Features
MIDI Sketch is a music theory-based MIDI generator that creates complete pop music arrangements.
MIDI Output, Not Audio
Unlike AI audio generators (Suno, Udio, etc.), MIDI Sketch outputs editable MIDI data.
| AI Audio Generators | MIDI Sketch | |
|---|---|---|
| Output | Finished audio (MP3/WAV) | MIDI files |
| Editing | Limited or none | Full control in DAW |
| Sounds | Fixed | Your choice |
| Mixing | Baked in | You decide |
| Reproducibility | Often inconsistent | Deterministic (seed-based) |
What You Get
- 9 separate tracks (vocal, aux, chord, bass, motif, guitar, arpeggio, drums, SE)
- Each track on its own MIDI channel
- Import directly into any DAW
- Use your own instruments and effects
Music Theory Foundation
MIDI Sketch doesn't use machine learning or neural networks. It implements classical harmony principles combined with modern pop music analysis.
Melody Generation
Template-Driven Architecture
7 melody templates model specific vocal styles:
- PlateauTalk: NewJeans/Billie Eilish style - high plateau with talk-sing
- RunUpTarget: YOASOBI/Ado style - ascending runs to target notes
- HookRepeat: TikTok/K-POP style - short repeating hooks
- SparseAnchor: Official髭男dism style - sparse anchor notes
- And more (DownResolve, CallResponse, JumpAccent)
Singability Constraints
- Direction inertia: Accumulated momentum tracking prevents erratic direction changes
- Tessitura enforcement: Real-time pitch adjustments for comfortable singing range
- Leap compensation: Automatic stabilization steps after large intervals
- Vowel constraints: Pitch movement limited within vowel sections for natural phrasing
Voice Leading & Chord Voicing
Three Voicing Types
- Close voicing: Notes within one octave (warm, suitable for verses)
- Open voicing: Drop2, Drop3, Spread variations (powerful, for choruses)
- Rootless voicing: Root omitted when bass provides it (jazz-influenced)
Voice Leading Optimization
- Weighted distance calculation (bass and soprano get 2x priority)
- Common tone maximization between successive chords
- Parallel 5ths/octaves detection with context-aware enforcement
- Avoid note detection (minor 2nd with chord tones, tritone with root)
Non-Chord Tone (NCT) Decoration
Based on Kostka & Payne's Tonal Harmony framework:
Strong Beats and Weak Beats
In 4/4 time, strong beats (1 and 3) feel accented and stable, while weak beats (2 and 4) feel lighter.
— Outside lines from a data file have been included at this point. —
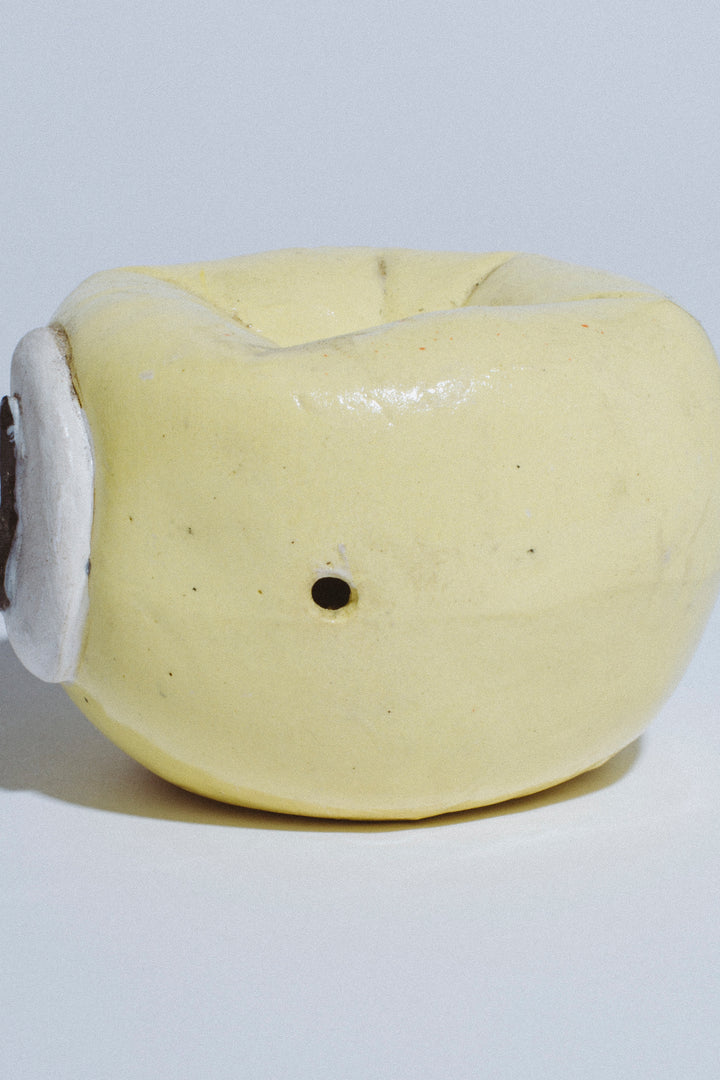 Big Bell Ceramic 1-Ball Piece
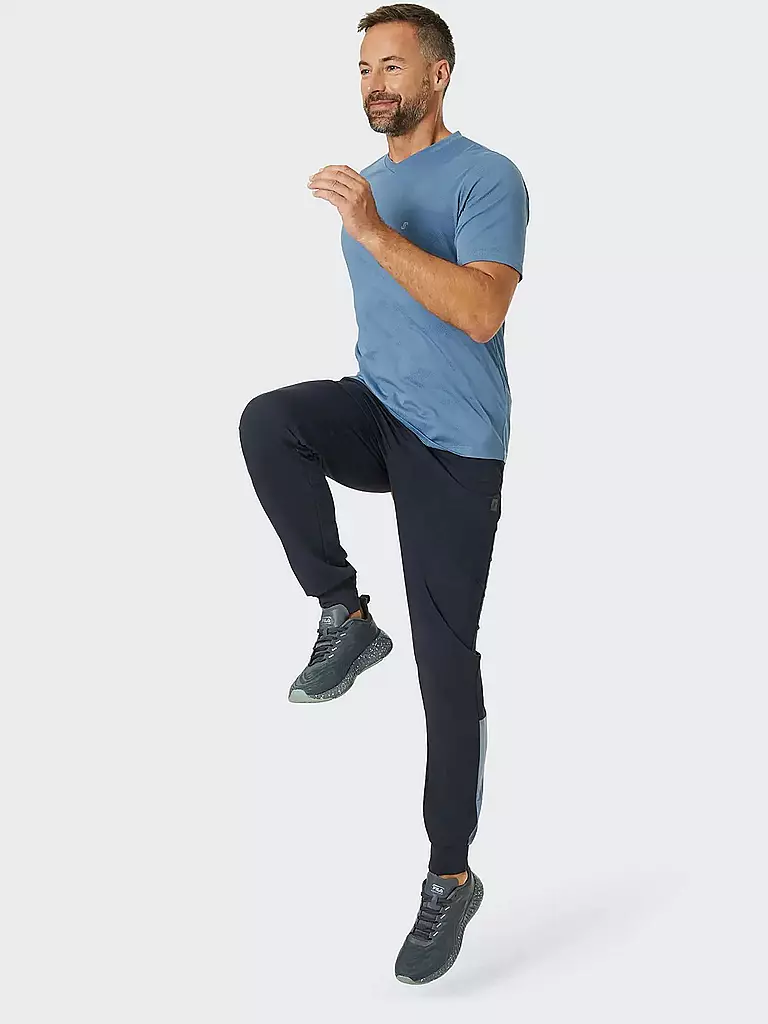 JOY SPORTSWEAR | Herren Jogginghose Joshua | dunkelblau
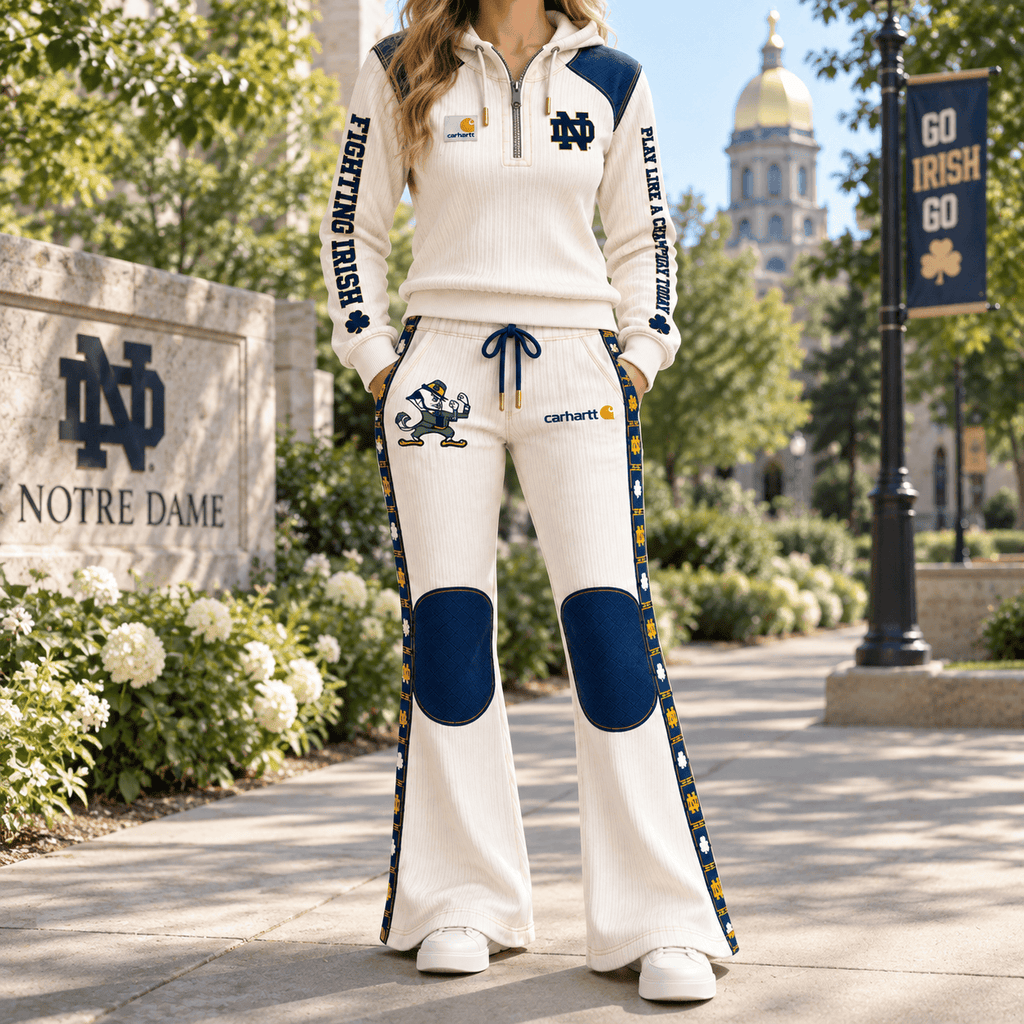 NDFI Premium Heritage Half-Zip Flare Set NTNA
Melodies typically place chord tones on strong beats for harmonic clarity.
NCT Types
| Type | Placement | Description |
|---|---|---|
| Passing Tone | Weak beat | Stepwise connection between chord tones |
| Neighbor Tone | Weak beat | Step away from chord tone and return |
| Appoggiatura | Strong beat | Accented dissonance resolving by step |
| Anticipation | Before beat | Early arrival of next chord tone |
| Tension | Context-dependent | 9th, 11th, 13th extensions |
Mood-Dependent Configuration
- Bright/Upbeat: 75% chord tones, pentatonic focus
- CityPop: 50% chord tones, jazz tensions enabled
- Ballad: 65% chord tones, expressive appoggiaturas
- Dark/Dramatic: Chromatic approach notes enabled
Harmony Context & Collision Avoidance
Multi-Track Coordination
- Track collision detection: Registers all notes from vocal, bass, chord, aux tracks
- Low register strictness: 3-semitone threshold below C4 to prevent muddiness
- Safe pitch resolution: Multi-strategy fallback (chord tones → consonant intervals → range search)
Emotion Curve System
Song Emotional Arc
The Emotion Curve system plans the emotional journey of a song, assigning specific characteristics to each section:
- Intro: Anticipation (low tension, building energy)
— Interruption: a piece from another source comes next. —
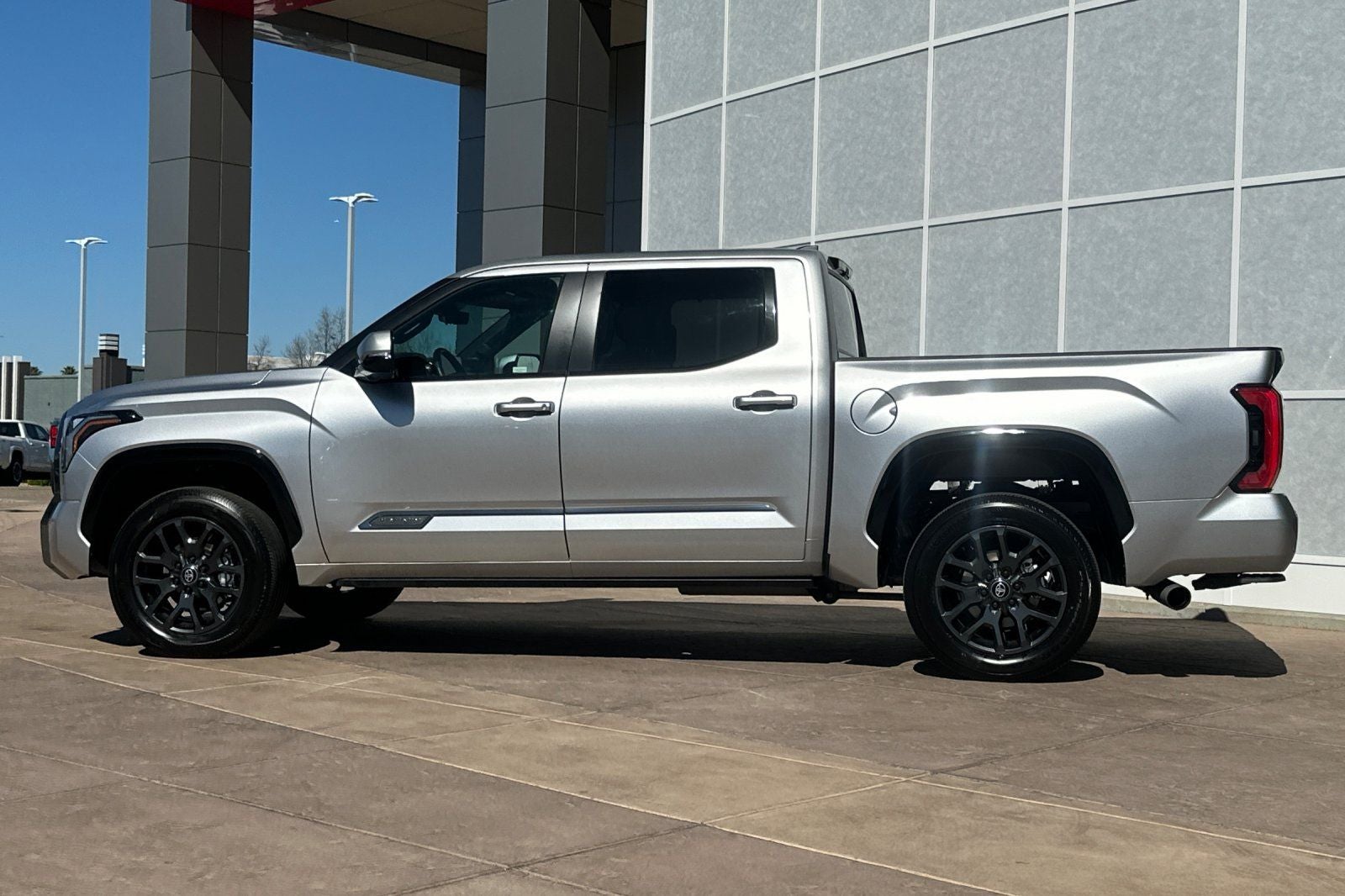 2025 Toyota Tundra Platinum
- Verse (A): Expectation (moderate tension)
- Pre-chorus (B): Tension build (high tension, upward pitch tendency)
- Chorus: Release/resolution (peak energy, maximum density)
- Bridge: Reflection (lower energy, contrast)
- Outro: Closure (decreasing tension)
Each section receives emotion parameters (tension, energy, resolution need, pitch tendency, density) that guide generation across all tracks.
Euclidean Rhythms
Mathematical Rhythm Patterns
Drum patterns use Bjorklund's algorithm to distribute hits evenly across steps, creating natural-sounding rhythms found in many musical traditions:
| Pattern | Hits/Steps | Traditional Name |
|---|---|---|
| E(3,8) | [x..x..x.] | Cuban tresillo |
| E(5,8) | [x.xx.xx.] | Cuban cinquillo |
| E(5,16) | Bossa nova feel | - |
| E(4,16) | Four-on-the-floor | - |
These mathematically-spaced patterns feel more natural than probability-based random placement.
Secondary Dominants
Harmonic Enrichment
Secondary dominants (V/V, V/vi, etc.) are automatically inserted to create stronger harmonic pull toward target chords. This enriches chord progressions without requiring manual configuration.
Guitar Track
Accompaniment Guitar Generation
A dedicated guitar track generates accompaniment patterns influenced by Blueprint constraints such as guitar skill level and guitar-below-vocal positioning. Guitar appears on its own MIDI channel and can be enabled or disabled independently.
Energy Curve
Song Energy Progression
The Energy Curve system controls how energy progresses through the song, providing high-level control over dynamics beyond per-section settings:
- GradualBuild: Energy increases steadily from start to finish
- FrontLoaded: High energy at the start, tapering toward the end
- WavePattern: Alternating high and low energy across sections
- SteadyState: Consistent energy level throughout
Melody & Motif Overrides
Fine-Grained Parameter Control
Melody Override allows fine-grained control over melody generation parameters:
- Max leap, syncopation probability, phrase length
- Long note ratio, chorus register shift
- Hook repetition, leading tone behavior
Motif Override allows fine-grained control over motif generation parameters:
- Motif length, note count, motion (0-4)
- Register (high/mid), rhythm density
Expanded Arpeggio Patterns
8 Arpeggio Patterns
Beyond the basic Up, Down, UpDown, and Random patterns, MIDI Sketch now includes:
- Pinwheel: Alternating direction pattern
- PedalRoot: Returns to root between each note
- Alberti: Classical broken chord pattern (low-high-mid-high)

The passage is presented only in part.